Similarly, Detective Bradley failed to store his notebook in a secure file cabinet, thus resulting in the loss of key identification statements. Bradley testified that he had stored most of the several hundred notebooks he had filed in his fifteen years as an officer in his desk, thus violating General Order No. 601.2 several hundred times. We are therefore confronted with what appears to be longstanding indifference by professional police officers to the requirements of the regulation certainly a picture which has surfaced again and again.
The Department's failure to enforce the duty to preserve is a further factor in assessing the degree of negligence involved. Mere promulgation of 601.2 is ineffectual without enforcement. In United States v. Bryant, supra, 142 U.S.App.D.C. at 142, 439 F.2d at 652, the United States Court of Appeals for the District of Columbia Circuit not only cautioned the MPD to promulgate systematic procedures for the retention of Jencks materials, but also indicated its expectation that the Department would enforce and follow such procedures:
[S]anctions for non-disclosure based on loss of evidence will be invoked in the future unless the Government can show that it has promulgated, enforced, and attempted in good faith to follow rigorous and systematic procedures designed to preserve all discoverable evidence gathered in the course of a criminal investigation.

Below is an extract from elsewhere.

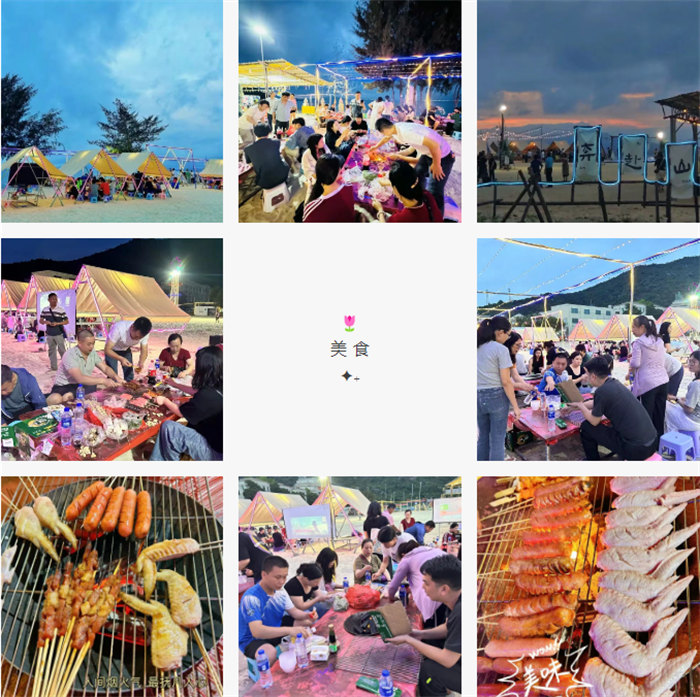 攜手博皓逐夢行，巽寮灣上展豪情&mdash;廣東博皓2025年巽寮灣之旅    -7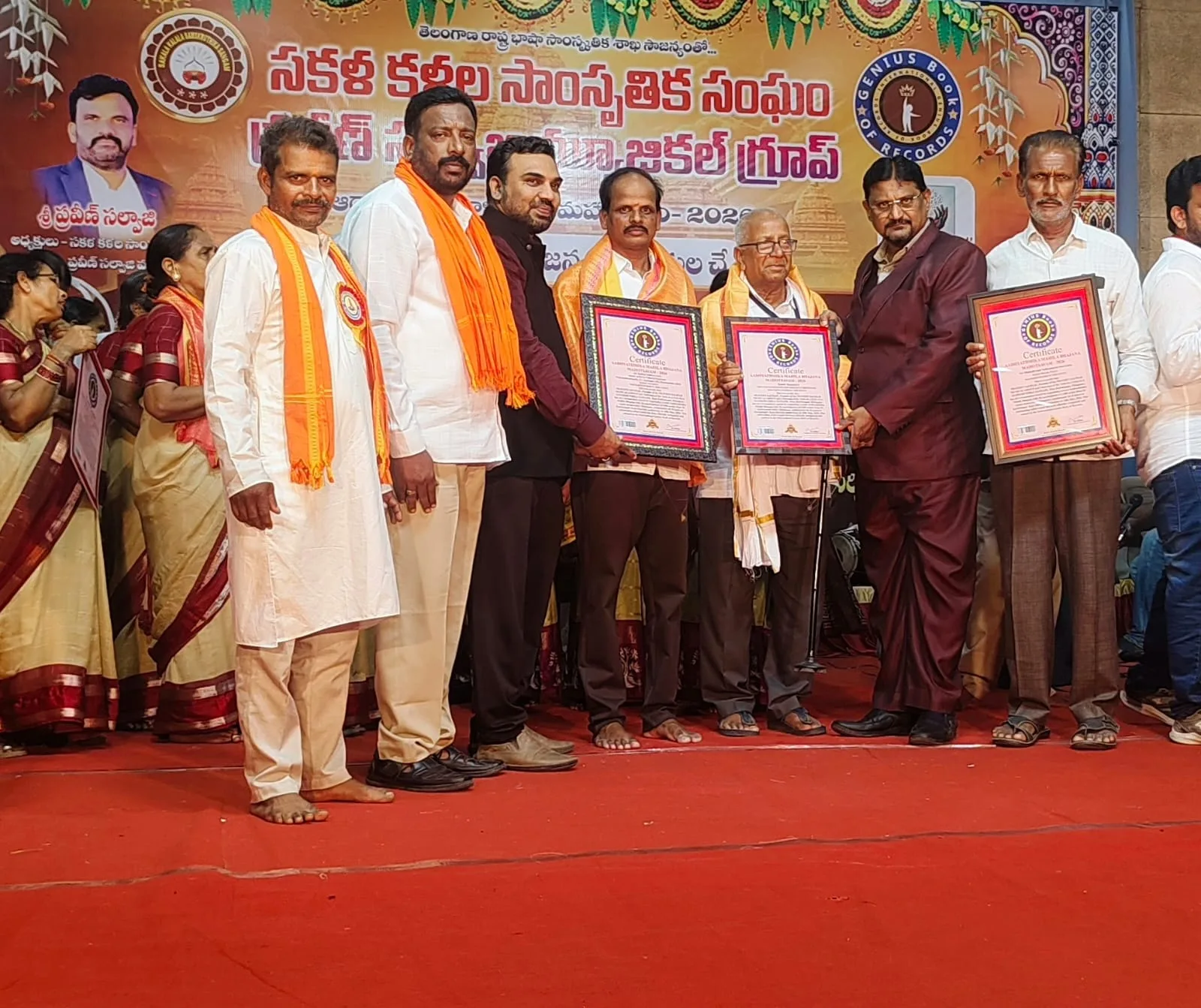 కరీంనగర్ జిల్లాలో ఆడిటోరియం కళాభారతి ప్రపంచ ఆధ్యాత్మిక భజన మండలి నిర్మాణం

Id. at 142, 439 F.2d at 652 (emphasis added); cited in Hardy v. United States, 316 A.2d 867, 870 (D.C.1974). Eleven years after Bryant, at the time of this investigation, enforcement of General Order No. 601.2 was not taken seriously.
Such indifference to compliance and enforcement is even less understandable in light of this court's repeated warnings to the MPD to preserve potential discoverable material. In Banks v. United States, 305 A.2d 256, 259 (D.C.1973), Judge Gallagher, concurring, indicated that "there is no risk of a repetition of this [the destruction of notes containing identification material] in the future as a result of police regulations on preservation of such documents [i.e., 601.2]." Despite such confidence, one year later, the court was again faced with destroyed notes and stated, "we assume the situation here described will not again recur." Savage v. United States, 313 A.2d 880, 884 (D.C.1974). Nevertheless, Judge Gallagher was shortly forced to note:
This is still another instance where ... there apparently has not been compliance with Metropolitan Police General Order Series 601, No. 2.
As stated in Banks v. United States, supra at 259 (Gallagher, J., concurring) the government gave us to understand that potentially discoverable material would be preserved in view of the terms of the General Order. That was more than a year ago. I would assume the government is taking steps to effectuate general compliance.
Hardy v. United States, supra, 316 A.2d at 871 (Gallagher, J., concurring) (citations omitted). Finally, in Moore v. United States, supra, 353 A.2d at 18 n. 7, after the loss of a complainant's initial description of an assailant, Judge Kelly reminded us that "[t]hree prior cases in this court have stressed the need to comply with this order." Despite these admonitions, here the *414 loss of six eyewitness statements resulted from the failure to comply with and enforce the adequate procedures for preservation of notes set forth in General Order No. 601.2.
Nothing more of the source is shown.